Bishops of the Diocese of North Carolina Respond to Recent Events: "Things must change."
The last several days have had no shortage of stories and images to disturb and trouble us deeply. Yesterday, we saw yet another example, when peaceful protesters were disbanded with tear gas so that our president could have a photo op before a church - an Episcopal church. In the hours that followed, church leaders - including Presiding Bishop Michael Curry and Bishop Mariann Budde - publicly and clearly denounced these actions. We stand with them in these rebukes, and we would do so no matter the denomination of the worship space in the background or the party affiliation of the president. This is not a partisan matter. There is no way, as Christians or any other person of faith, to justify the infliction of pain and harm on others, let alone to do so in the interest of publicity.
We understand the anger these days are invoking; it is anger we share. Things must change. If we are to enact change, we must channel our anger into intentional, prayerful responses. And there are constructive ways in which every one of us can respond.

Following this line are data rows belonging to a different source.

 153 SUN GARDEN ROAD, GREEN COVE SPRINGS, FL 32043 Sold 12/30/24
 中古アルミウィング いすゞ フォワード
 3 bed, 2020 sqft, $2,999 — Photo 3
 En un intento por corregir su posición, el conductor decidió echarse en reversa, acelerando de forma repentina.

Acknowledge the role we, as Episcopalians, have played in creating the systems at work today. The Episcopal Church, from Anglicanism’s roots in the British Empire, has historically too often upheld white supremacy and served the interests of the powerful. We have made a commitment, as a Church, to diverge from that historical path and create a new path to follow. To do that we must start from a place of confession, repentance and desire, in the name of Jesus Christ, to atone for our sins and live into the future God wants for all people.
Speak out, as our Church leaders have done, and be intentional when you do so. Keep the focus where it needs to be, whether addressing systemic racism in action, abuses of power, the marginalization of populations, and the reality of power systems designed to protect some and threaten or hurt others, including the militarization of police forces, and disrespect for the constitutional right to assemble and protest peacefully. When those around you are talking about everything but those areas of focus, return the conversations to the actual problems and the factors that comprise them.

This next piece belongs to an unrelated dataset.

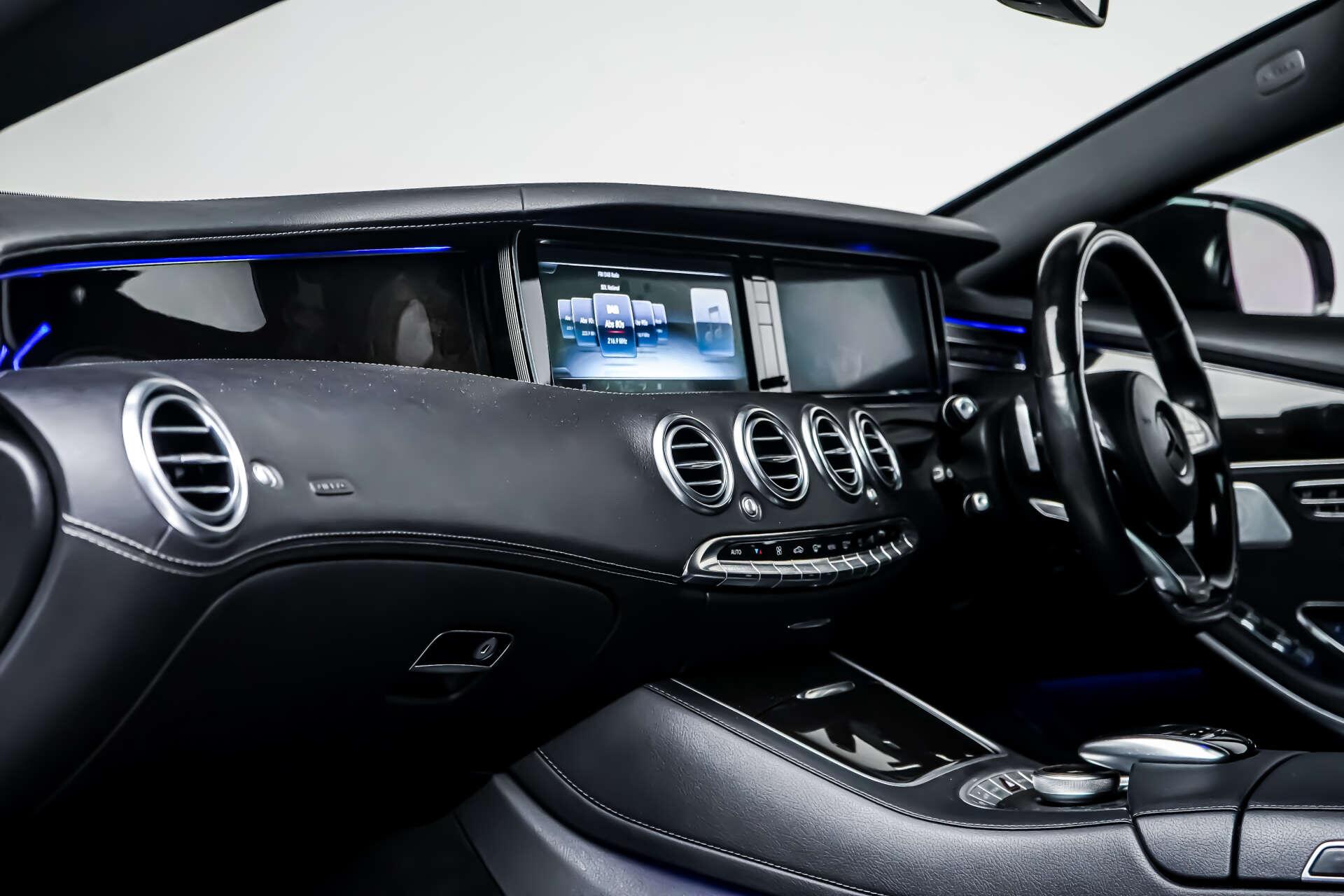 Mercedes-Benz S-Class view 16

Read beyond the headlines, and learn all you can to know the whole story. Value first-person accounts of people on the ground, and know the roles actually played by participants. Examples in recent days include the grouping together of peaceful protestors and destructive instigators; they were not one and the same group, and understanding the roles each played makes all the difference in understanding the events of the last few days. Go deeper; do not stop seeking truth.

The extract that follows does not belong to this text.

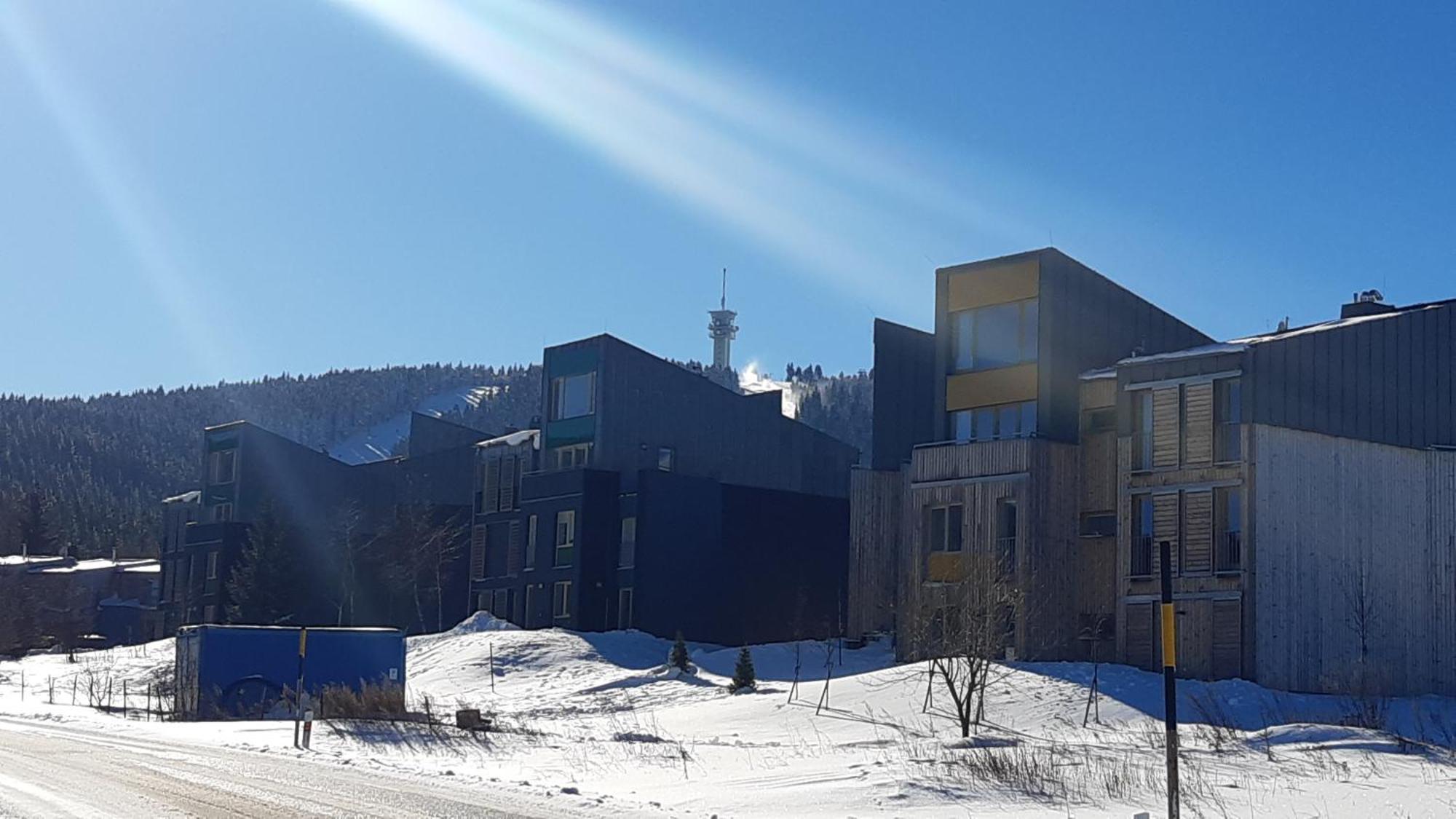 Mezonetovy Apartman Se Dvema Balkony A Vyhledem Loucná pod Klínovcem Exterior foto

Work for change in a spirit of prayerful self-examination. Actions can manifest in any number of ways. Direct action, advocacy, education, learning how to be an ally - there is no one step that will “fix” the problems of systemic racism and injustice, so examine the paths that call to you. Above all, in any action you take, listen to and follow the lead of the communities directly impacted by systemic racism and marginalization. Know that being an ally often means stepping out of the spotlight and amplifying the voices of those who are too often silenced.
In everything you do, adhere to the call of our Christian values: that God created a world that God loves beyond measure, that Christ died to redeem the human family, that the Holy Spirit is active in the world’s renewal, that we are called to respect the dignity of every human being crafted in the image of God, and, in doing so, to seek justice and peace. Above all, remember nothing can separate us from God’s all-embracing love.